Minnesota special session with tax relief still a possibility
Local government officials across Minnesota need to know if a special legislative session will be called to pass a tax bill.
Gov. Mark Dayton told reporters on Monday that he and four legislative leaders are to meet Friday to discuss a special session. However, Democrats and Republicans remain at odds over building a light rail line to serve the southwestern Twin Cities, the issue that has prevented a special session since the regular session ended in late May.
Dayton, Senate Majority Leader Tom Bakk, D-Cook, and House Speaker Kurt Daudt, R-Crown, had set next week as a tentative time for a special session, but on Monday Dayton said that likely would be pushed back a week or two if a deal could be reached soon.
The Democratic governor said that if a deal it not reached within a few days, there likely will be no special session.
Two major issues remain to be done: fixing a mistake in a tax bill and repassing it and passing a public works funding bill that includes road and bridge money.

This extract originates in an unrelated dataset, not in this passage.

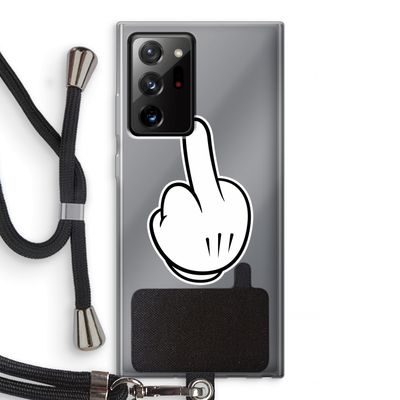 Middle finger white: Samsung Galaxy Note 20 Ultra / Note 20 Ultra 5G Transparant Hoesje met koord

The League of Minnesota Cities told its members Monday to proceed as if they are not getting the boost in Local Government Aid included in the tax bill. If the Legislature makes a change, the league said, property tax levies still could be reduced.
Cities were to get a $20 million boost in state aid in the next two years under the tax bill for a total of $540 million. Other local governments also were to receive more state aid.
Dayton vetoed the tax bill that contained both tax cuts and more local aid after a mistake was discovered that would have cost the state millions of dollars. Legislative leaders appear to agree that they can pass the bill if it is fixed.
Also in the measure are tax cuts. One would trim business property taxes paid to the state more than $56 million, while another would cut farmland taxes $44 million.